• INSTRUCTIONS TO FOLLOW: Retype the lines below exactly, from the one that contains "Ramsha 3 Piece" through the last, and leave every picture out.

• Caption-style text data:
┏━━

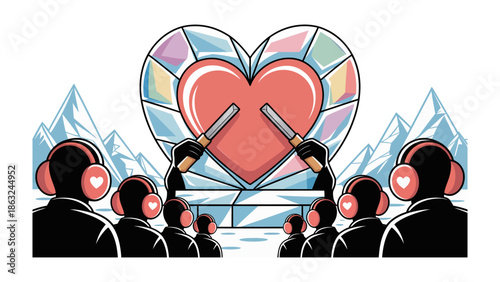 Love's Anthem: An artistic illustration depicts a symphony of hearts, symbolizing the resonance of love in a captivating display of artistry. 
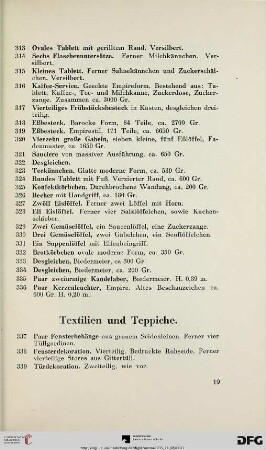 Textilien und Teppiche (Nr. 337-408)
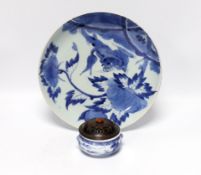 A Japanese blue and white dish, Edo Period and a signed blue and white koro with wood cover, largest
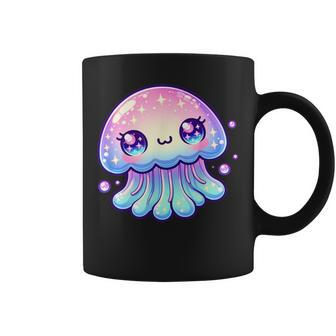 Cute Kawaii Jellyfish Anime Fun Blue Pink Sea Critter Coffee Mug - Seseable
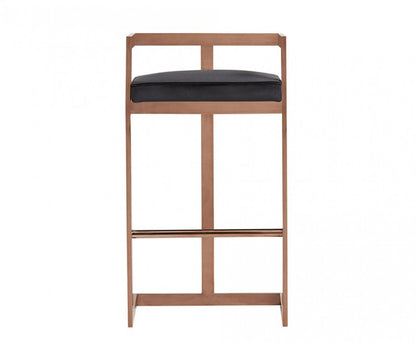 30" Black And Rose Gold Velvet And Steel Low Back Bar Height Bar Chair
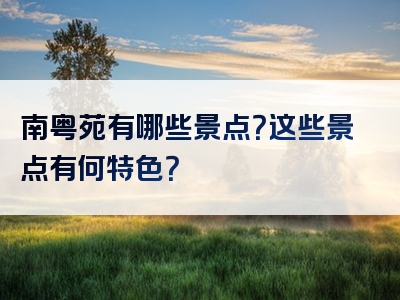 南粤苑有哪些景点？这些景点有何特色？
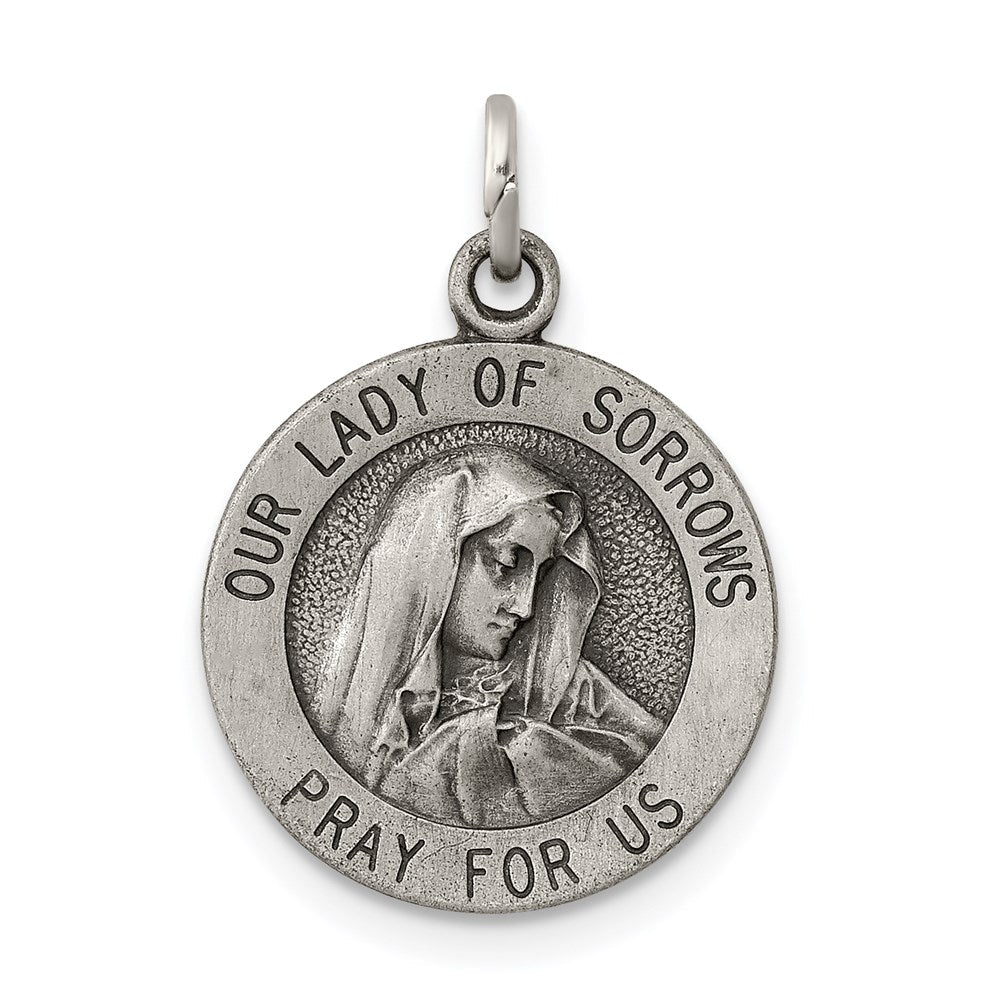 Sterlingsilber Antikisiert Our Damen Of Sorrows Medaille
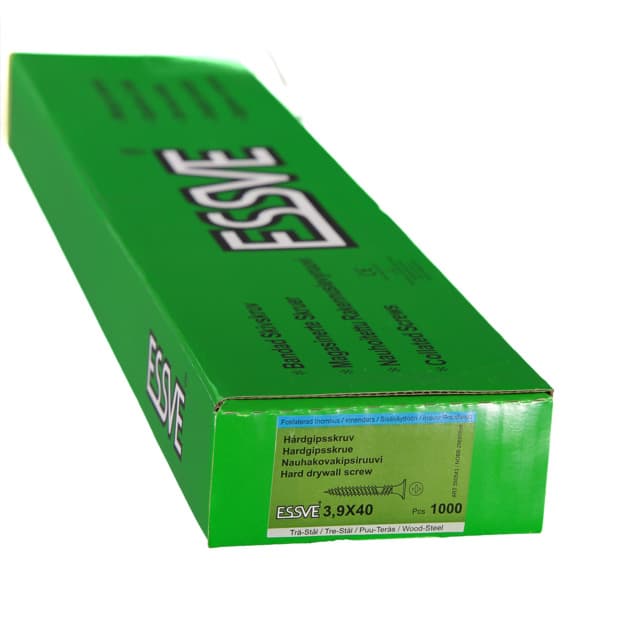 BANDAD HÅRDGIPSSKRUV 3,9X40 1000ST FOSF PH2 2-LAG TRÄ/STÅL | Beijerbygg Byggmaterial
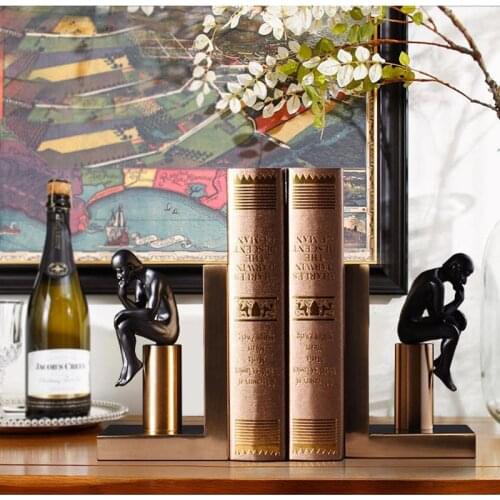 1 pair Creative Figure Design Thinker Resin Bookend Shelf Bookend Holder Office School Supplies Stationery Gift Home decoration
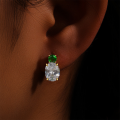wholesale 925 Sterling Silver New Classic Luxury Zircon-encrusted Emerald Stud Earrings,。-0-2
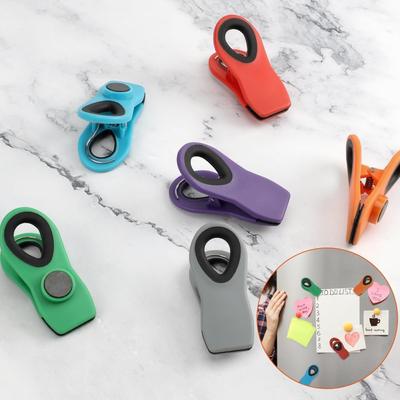 6PCS Multicolor Snack Bag Clips Plastics Fridge Magnets Clips Food Sealing Clips For Food Storage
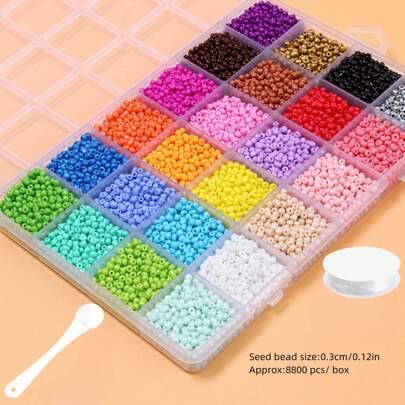 خرز زجاجي ملون 24 لون ، خرز وجه ابتسامة من الاكريليك وخرز الحرف المستخدمة كمواد للمجوهرات لصنع الأساور والقلائد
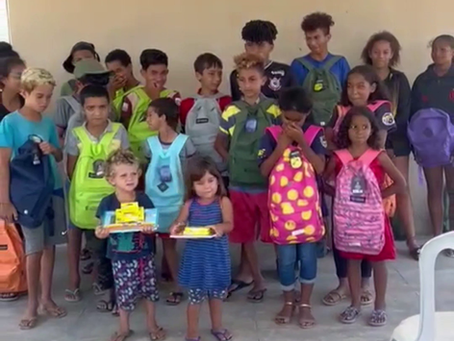 Sertão do Cariri-CE recebe doação de materiais escolares para crianças do projeto Transforma Sertão.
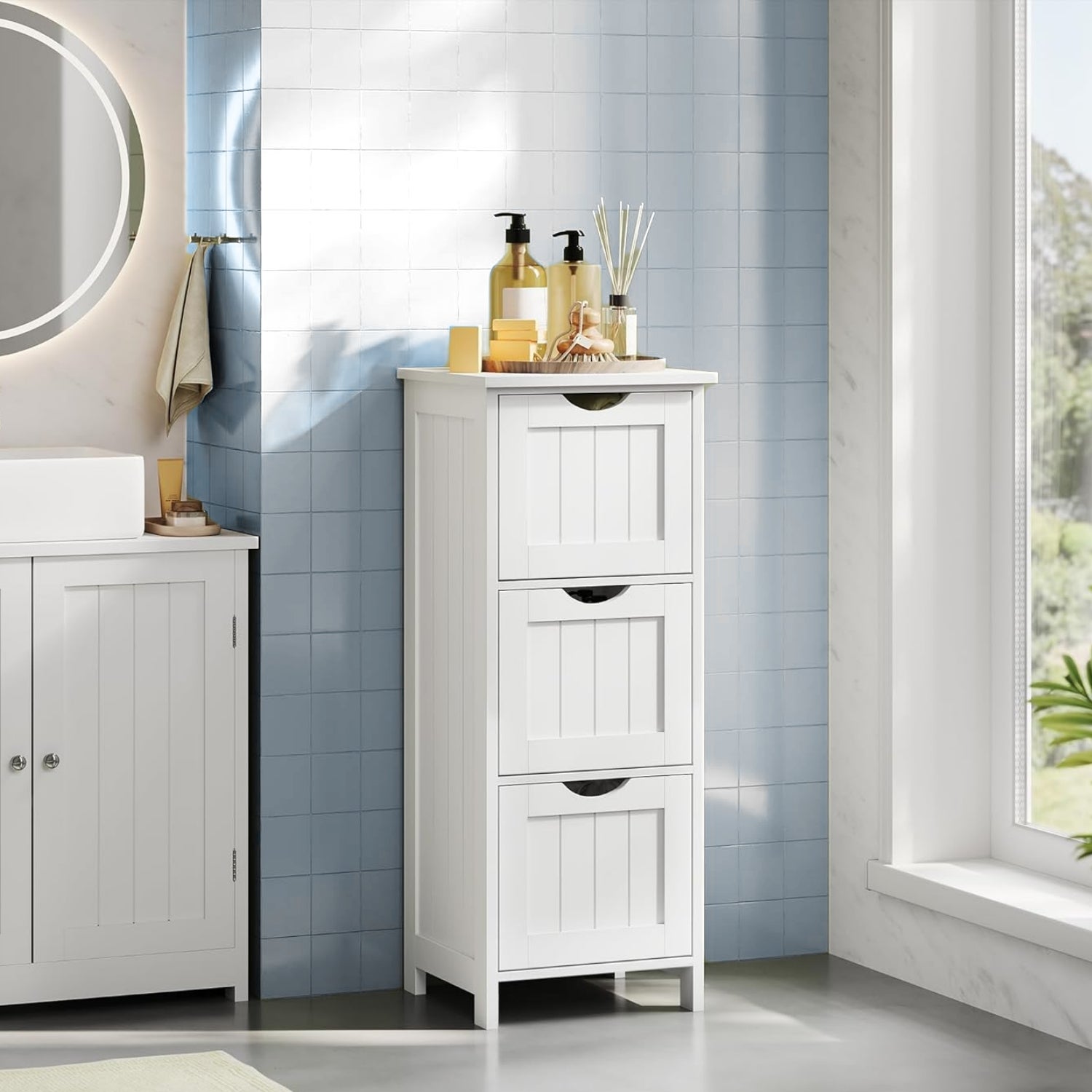 Versa Pompei Armoire de salle de bain, Commode pour organiser Versa Pompei Armoire de salle de bain, Commode pour organiser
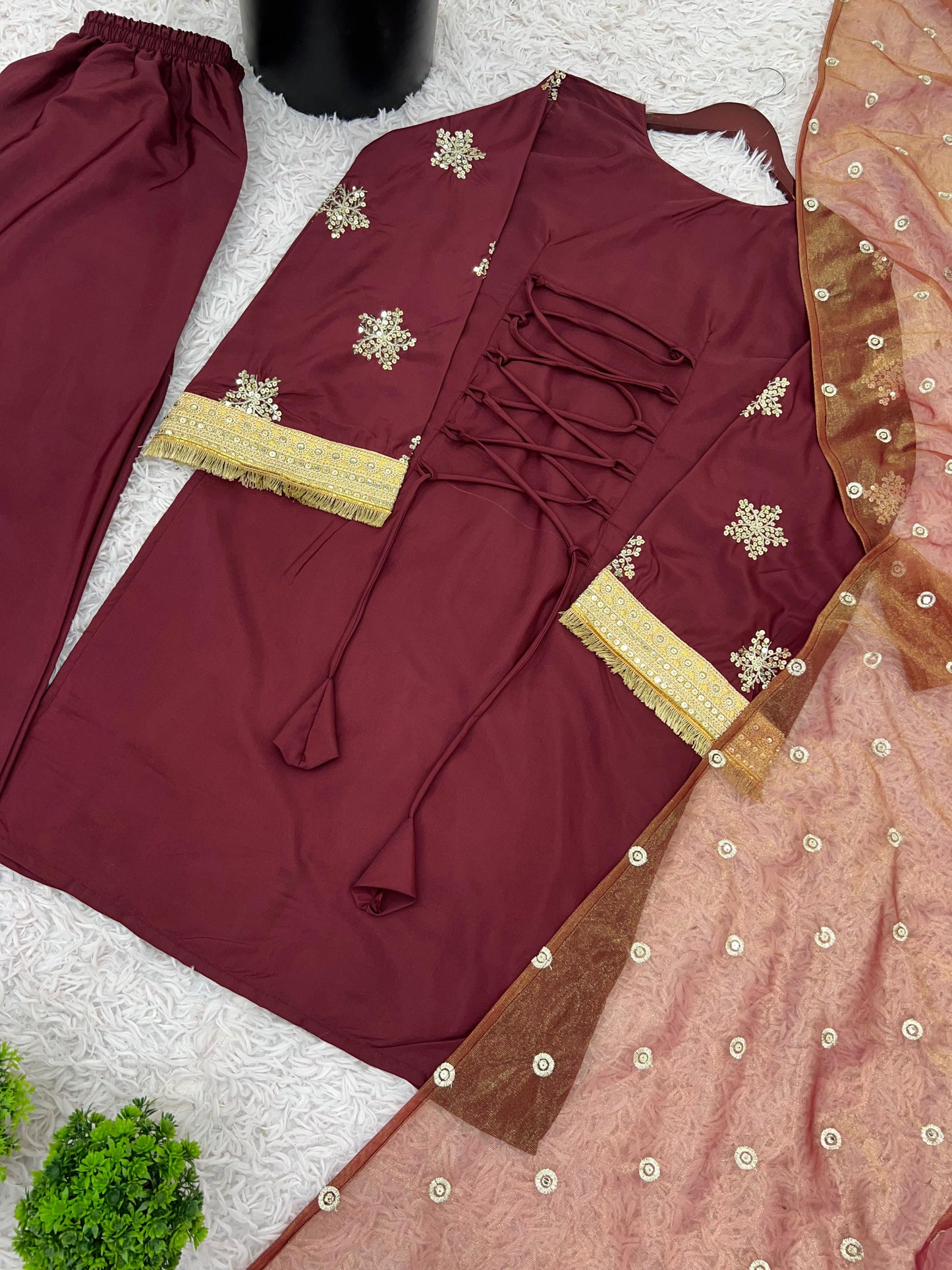 Designer Natural Crepe Silk Top–Bottom & Dupatta Set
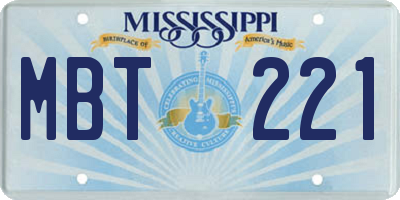 MS license plate MBT221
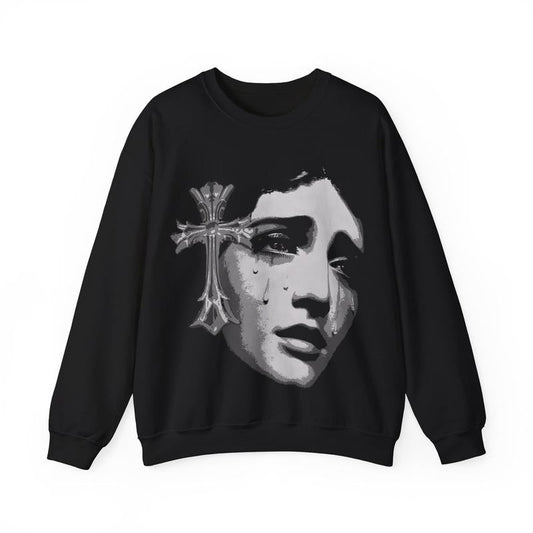Save Me Cross Girl Heavy Blend Crewneck Sweatshirt Retro Vintage Comfy Sweater Streetwear Crewneck Long sleeve Christian Fashion Classic Cotton Fabric Menswear Tops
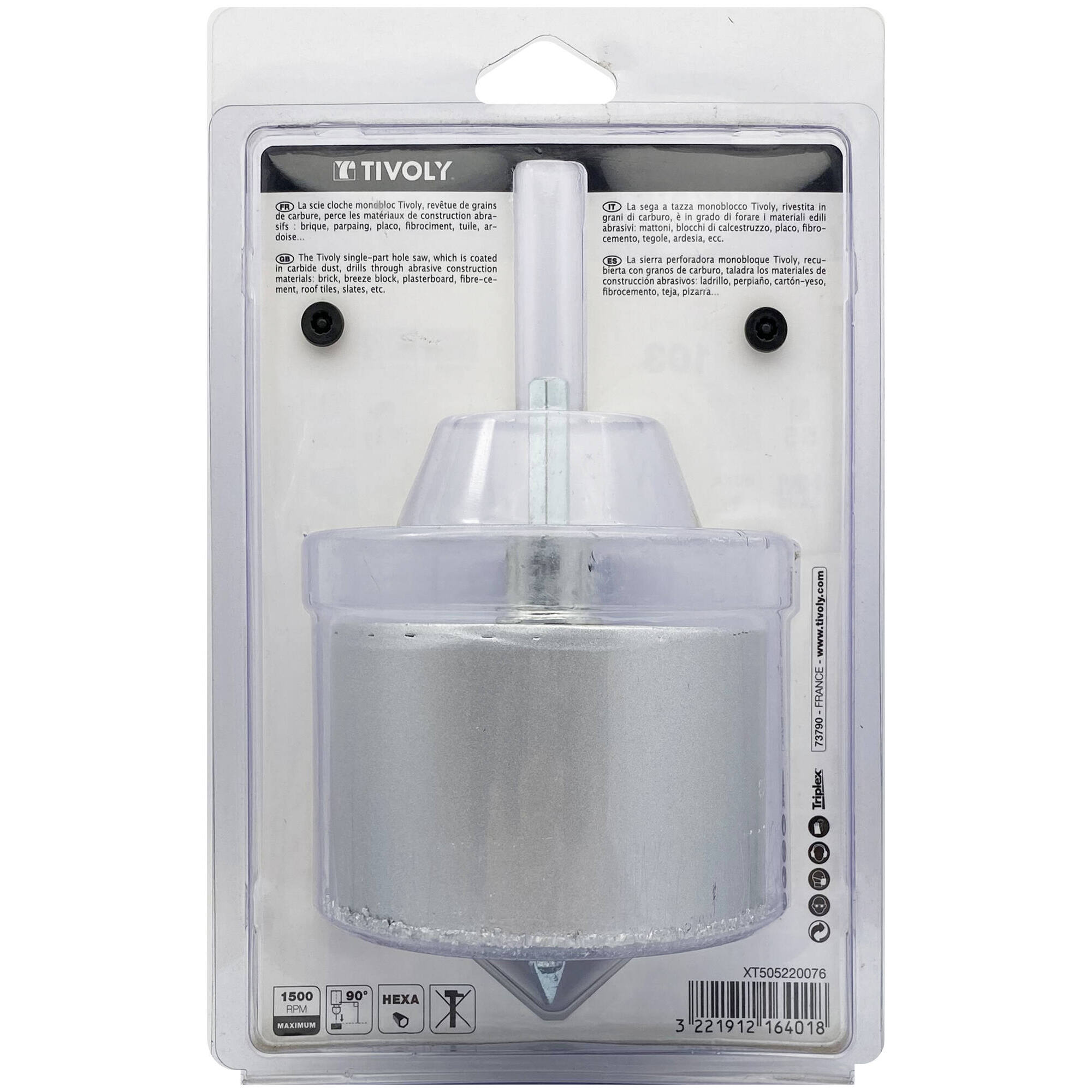 Ø: 103 / Sierra de corona para hormigón de carburo HM monobloque (Estuche blíster) / H: 55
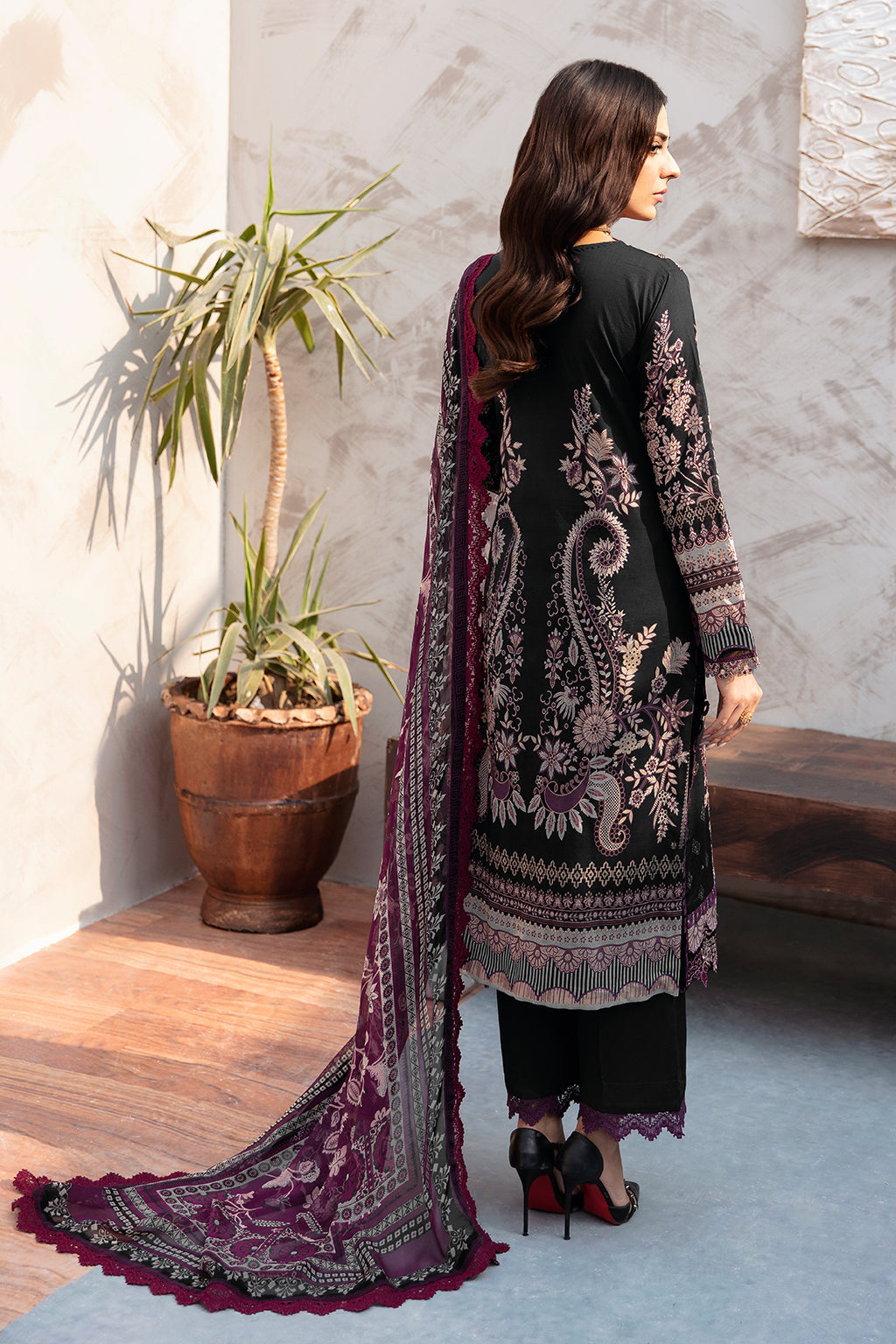 Ramsha 3 Piece Custom Stitched Suit - Black - LB285956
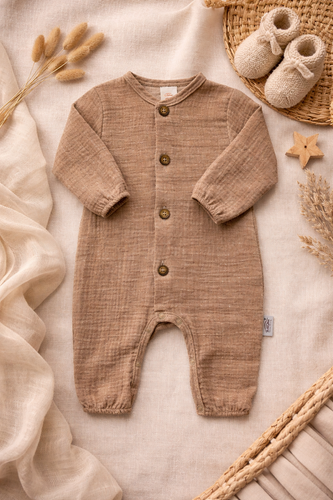 Just Muslin pajacifier 02235BSL Makoma latte- leggero, traspirante, 100% cotone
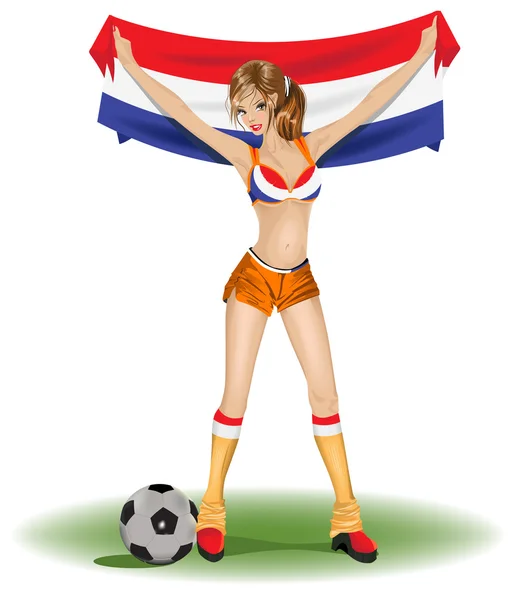 네덜란드 여자 축구 팬 — 스톡 벡터
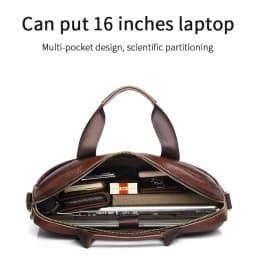 SCHLATUM Genuine Leather Briefcases Hard For Men 15.6 Inch Office Bussiness Computer Bag Vintage Handbags Laptop Briefcase Bags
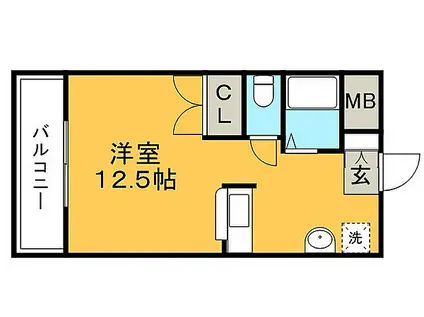メゾン高嶋(ワンルーム/2階)の間取り写真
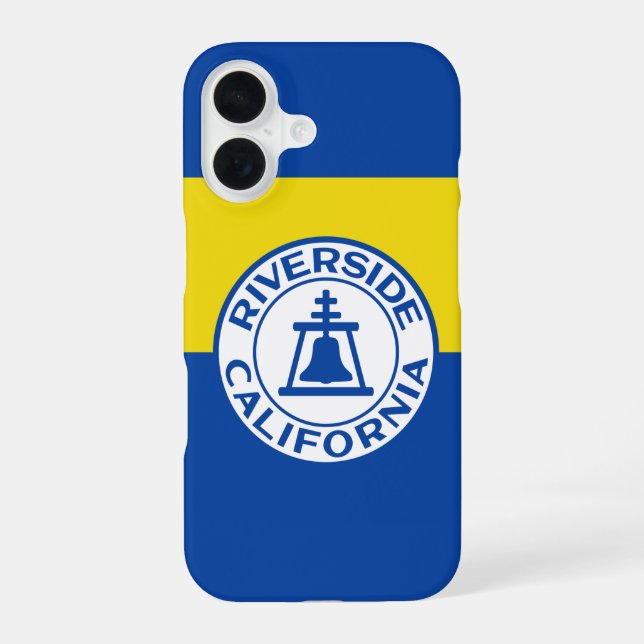 Coque iPhone 16 Drapeau de Riverside, Californie (Verso)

┗━━

• EXERCISE OUTPUT:
 Ramsha 3 Piece Custom Stitched Suit - Black - LB285956
 Just Muslin pajacifier 02235BSL Makoma latte- leggero, traspirante, 100% cotone
 네덜란드 여자 축구 팬 — 스톡 벡터
 SCHLATUM Genuine Leather Briefcases Hard For Men 15.6 Inch Office Bussiness Computer Bag Vintage Handbags Laptop Briefcase Bags
メゾン高嶋(ワンルーム/2階)の間取り写真
 Coque iPhone 16 Drapeau de Riverside, Californie (Verso)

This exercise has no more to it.